The lawmakers briefed Wednesday expressed concern that the federal problems could throw the state's plans into reverse at a time when the state economy seems to be improving and Maryland is coming tantalizingly close to closing a long-term revenue shortfall.

"It's sort of like an albatross hanging over us," said Baltimore County Del. Adrienne Jones, speaker pro tem and a leading member of House Speaker Michael E. Busch's Democratic leadership team.

But T. Eloise Foster, the state budget secretary, said the more dire figures are "just projections." She said her department neither rejects nor accepts the analysts' numbers and will take a fresh look at the potential impact.

The "fiscal cliff" would be reached if Congress and the president can't strike a deal by Jan. 1 to avert a series of budget cuts put in place by lawmakers and the Obama administration last year to resolve a standoff over the nation's debt ceiling that threatened to put the nation into default.
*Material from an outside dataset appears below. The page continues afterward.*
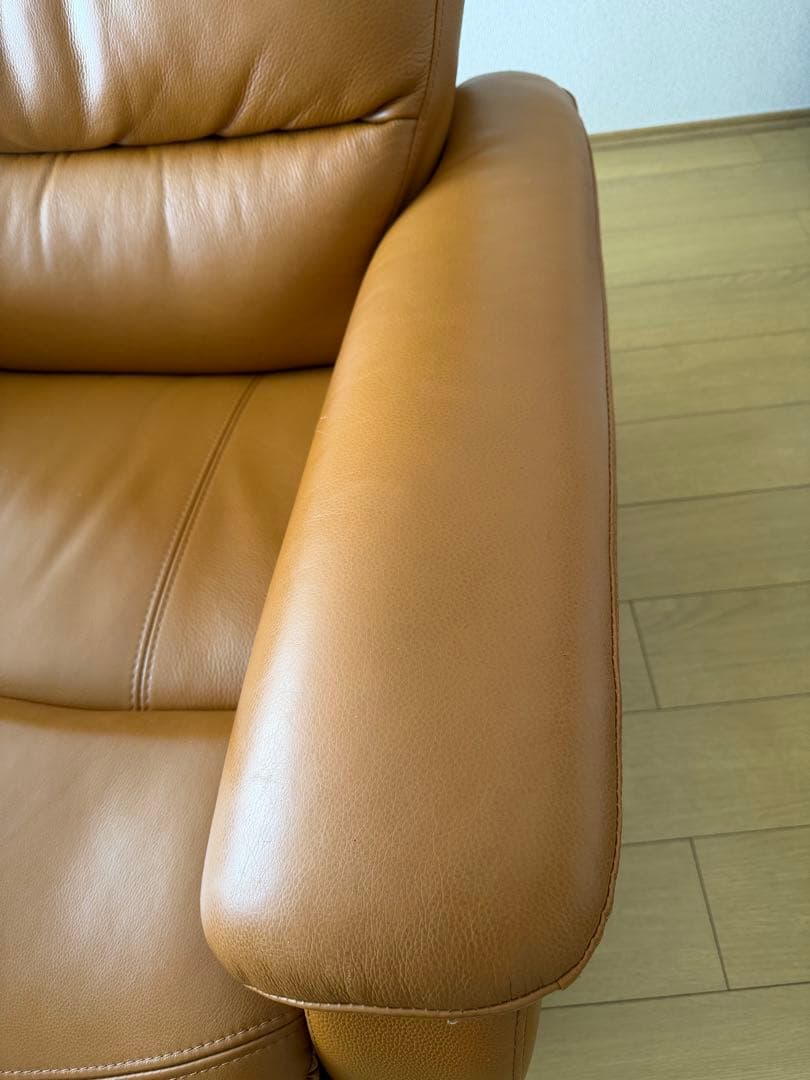 ニトリ 電動リクライニングソファ Nビリーバー 1人掛け USBポート付き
Through a process known as "sequestration," automatic reductions would take effect — cutting both military and domestic spending. No talks are expected before Election Day.

Economists have predicted that the sudden cut in federal spending — combined with the end of tax cuts put into place by Presidents George W. Bush and Barack Obama — would send the national economy into a new tailspin.

Because of its heavy dependence on federal government and military contracting, Maryland would be especially hard-hit.

"The Maryland economy would go into a recession," analyst Theresa Tuszynski told lawmakers.

The ominous news comes even as Maryland is seeing some hope on its own budget issues.

The revenue shortfall known as the "structural deficit" – once close to $2 billion – has been narrowed to $638 million, according to analysts.

Without the fiscal cliff, that would put Maryland within range of eliminating its structural deficit within a year or two, said chief policy analyst Warren Deschenaux.

"We're getting so darn close to being balanced that I can almost smell it, and it smells good," he said.

Legislators had previously expressed a determination to close the gap during next year's Assembly session, but analysts' figures showed that could require them to hold the state's spending increase — now projected at 4 percent — to 1.3 percent.

Sen. Edward J. Kasemeyer, chairman of the Budget and Taxation Committee, said lawmakers might have to stretch the cuts over two years. However he all but ruled out a repeat of this year's fight to increase taxes.

"I don't see it happening," said Kasemeyer, a Howard County Democrat.

But Sen. David Brinkley, a Frederick County Republican, said he still hopes to see the structural deficit eliminated next year.

"Let's get it done," he said.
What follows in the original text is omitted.